Nach einer kleinen Pressekonferenz, bei der auch Dr. Gast als Vertreter der Landeszahnärztekammer ein Grußwort sprach, ging es los. Nahezu 100 Athleten wurden untersucht. Für viele der 770 Sportler war die Entfernung zwischen den Untersuchungszelten im Bürgerpark zu den Sportstätten am Rande der Stadt leider zu weit, um in den Wettbewerbspausen die Zelte des Gesundheitsprogramms aufzusuchen.

Untersuchungsstuhl. Viele Teilnehmer setzten sich völlig entspannt auf den Untersuchungsstuhl und erzählten stolz von „ihrem Zahnarzt“. Andere waren sichtlich nervös, weil sie schon lange nicht mehr beim Zahnarzt waren. Erfreulicherweise wurde nur bei Wenigen Behandlungsbedarf festgestellt, lässt man die Schmutzgingivitiden außer Acht.

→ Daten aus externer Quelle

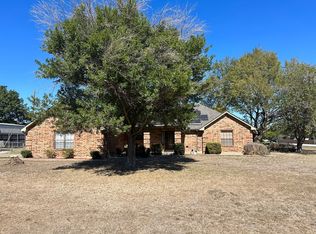233 Berry Dr, Haslet, TX 76052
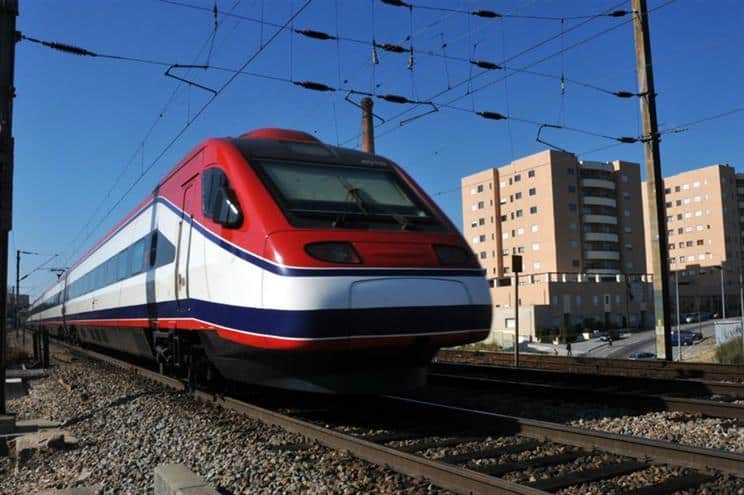 Greve nos bares dos comboios de longo curso continua na segunda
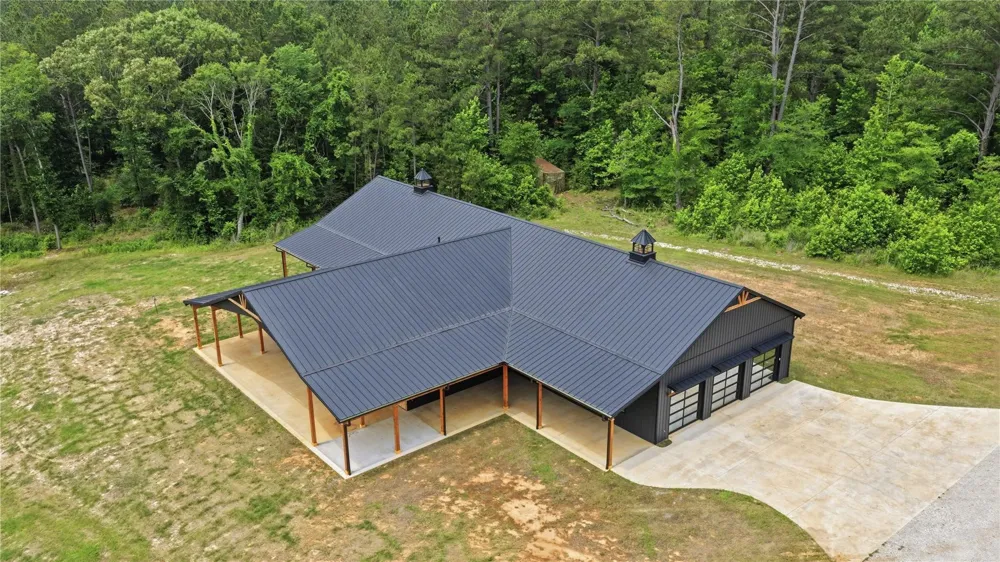 447 County Road 2211 Rusk, TX 75785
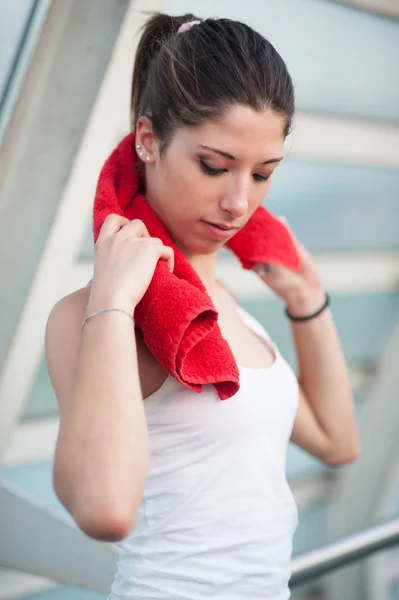 Mujer joven relajándose después de correr al aire libre . —  Fotos de Stock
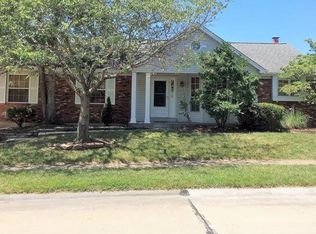 915 Weatherstone Dr, Saint Charles, MO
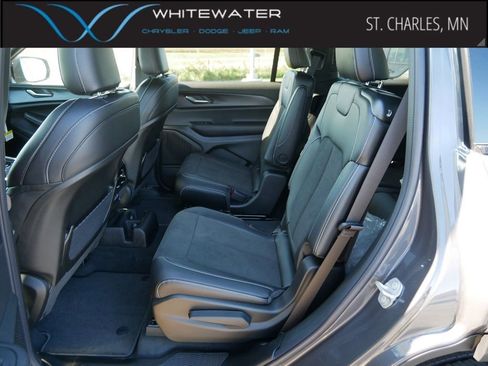 New 2025 Jeep Grand Cherokee L Altitude image 8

Die Untersuchungsergebnisse wurden standardisiert erhoben, dokumentiert und werden wissenschaftlich ausgewertet. Schon vor Ort wurden die Daten auf die Server von Special Olympics übertragen. Die Athleten bekamen die Untersuchungsergebnisse und die Mundhygieneempfehlungen in den Gesundheitspass von Special Olympics eingetragen. Dieser ist in leichter Sprache verfasst und kann bei der nächsten Teilnahme an einem Angebot von Healthy Athletes ® wieder mitgebracht werden. Außerdem bekamen die Sportler noch eine Tüte überreicht, gefüllt mit Zahnpasta, einer Zahnbürste, einem Schaubild für die richtige Zahnpflege in leichter Sprache, Zahnpflegekaugummis und einem Apfel.

Man muss sich beim Blick auf die guten Ergebnisse darüber im Klaren sein, dass als Athleten von Special Olympics nur die fitten Menschen mit geistiger und mehrfacher Behinderung antreten. Die Untersuchungsergebnisse sind daher nicht repräsentativ für die gesamte Gruppe von Menschen mit geistiger oder mehrfacher Behinderung.

Im Augenprogramm wurde von 47 Helfern (Optimetristen und Augenärzten) die Sehfähigkeit geprüft. Athleten mit Sehfehler bekamen kostenfrei eine gesponserte Brille nach den Spielen zugeschickt. Athleten ohne Sehfehler durften sich eine Sonnenbrille aussuchen.

Gewinnbringend. Obwohl wir etwas enttäuscht über die Fallzahl waren, empfanden alle Beteiligten die Tage als sehr gewinnbringend. Athleten konnten sich angstfrei untersuchen lassen und bekamen Tipps zur Verbesserung ihrer Zahnpflege, Eltern erhielten wichtige Informationen, an wen sie sich bei komplexen Fragestellungen wenden können und auch die Helfer genossen die Möglichkeit des ungezwungenen, niederschwelligen Kontaktes zu Menschen mit geistiger Behinderung. Die stimmungsvolle Eröffnungsfeier mit Entzünden des olympischen Feuers, die Athleten-Disco, sowie die fröhliche Atmosphäre an den Sportstätten und bei den Siegerehrungen bleiben in schöner Erinnerung. Ein Helfer von Wrigleys meinte: „endlich mal ein Tag ohne Zahlen und Bilanzen; ein sinnvoller Tag“. Und viele Helfer signalisierten: „Gerne wieder“.